To further investigate the change of ENSO in response to freshwater forcing in the SO, we conduct an Empirical Orthogonal Function (EOF) analysis of tropical SST in the last 100 years, during which the evolution of SST is basically stable without remarkable linear trend. The leading EOF mode in the CTRL exhibits distinct anomalies with the maximum of 0.3 °C in the center-eastern tropical Pacific (Figure 2(a)). This mode broadly captures major characteristic of ENSO, and is similar to other climate model results with anomalies extending too westward to the warm pool region (Kug et al., 2010). In the SOWH experiment, ENSO pattern is still robust in the leading mode (Figure 2(b)). Moreover, the amplitude of leading principal component (PC1) appears to be much larger than that in the CTRL (Figure 2(c) and (d)), suggesting an enhancement of ENSO, which is consistent with the change of ISTD. The power spectrum of PC1 in the CTRL shows a significant peak at 2–3 years and a weaker peak around 4–5 years (Figure 2(e)). In the sensitivity experiment, the peak at 2–3 years is strengthened, and more importantly, a new peak around 7–8 years becomes prominent, making the spectrum more complicated. The result of spectrum analysis shows that freshwater forcing over the SO can intensify ENSO and tend to shift ENSO frequency toward a lower band.

Figure 2.

EOF analysis of tropical Pacific SST. The linear trend and seasonal cycle have been removed before the EOF analysis.
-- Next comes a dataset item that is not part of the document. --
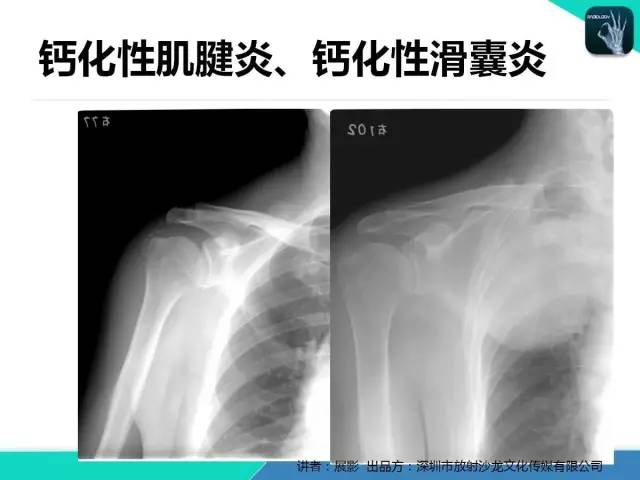 【PPT】肩峰下撞击综合征和肩袖损伤的MR表现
All the spatial modes and temporal coefficients have been normalized. (a) The leading EOF mode in the CTRL (°C). (b) The leading EOF mode in the SOWH experiment (°C). (c) PC1 in the CTRL. (d) PC1 in the SOWH experiment. (e) Power spectrum of PC1 in the CTRL. (f) Power spectrum of PC1 in the SOWH experiment. The two dashed lines in (e) and (f) represent the 50% and 90% statistical confidence levels, respectively.
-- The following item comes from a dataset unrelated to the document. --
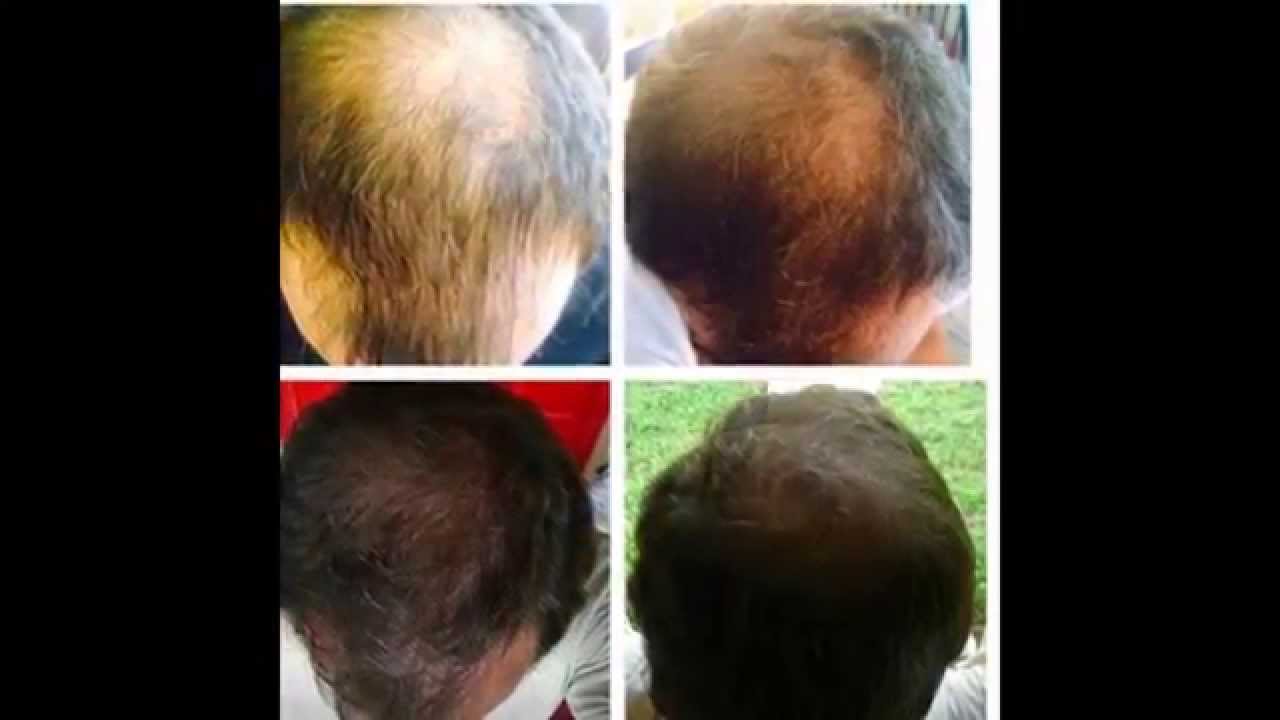 Results 39 Days On Hair Skin Nails It Works YouTube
The amplified ENSO can be related to the change of equatorial thermocline. Enlarged zonal tilt of thermocline promotes more cold water from subsurface to surface ocean in the eastern Pacific, which tends to weaken vertical stratification and thus decreases the stability of tropical ocean–atmosphere coupled system, and eventually intensifies ENSO variability (Fedorov and Philander, 2001; Collins et al., 2010). Besides, the zonal-mean equatorial thermocline depth rises up by 2–5 m (Figure 3(a)), which may also strengthen ENSO according to the ‘dynamic thermostat’ theory (Sun and Liu, 1996). However, it should be noted that the mean thermal stratification is decreased in the SOWH experiment (Figure 1(b)), which partly offsets the effect of thermocline shoaling, and finally leads to a small net change of ENSO amplitude (Figures 1(c) and 2(d)).

Figure 3.

(a) The change of zonal mean (120°E–82°W) thermocline depth. Gray dashed and black solid lines stand for thermocline in the CTRL and SOWH experiment, respectively. (b and c) Oceanic and atmospheric sensitivity in the CTRL (black contours) and SOWH experiment (red contours), respectively. Oceanic sensitivity (Pa °C−1) is defined as the covariance of tropical Pacific zonal wind stress anomalies and SST anomalies divided by the variance of tropical Pacific zonal wind stress anomalies using a 20-year running window, while atmospheric sensitivity (°C Pa−1) is defined as the covariance of tropical Pacific zonal wind stress anomalies and SST anomalies divided by the variance of tropical Pacific SST anomalies using a 20-year running window. Here, the calculation region of tropical Pacific SST anomalies is the most distinct area identified by the leading EOF mode (140°E–80°W), and the region of zonal wind stress anomalies is to the west (120°E–180°W).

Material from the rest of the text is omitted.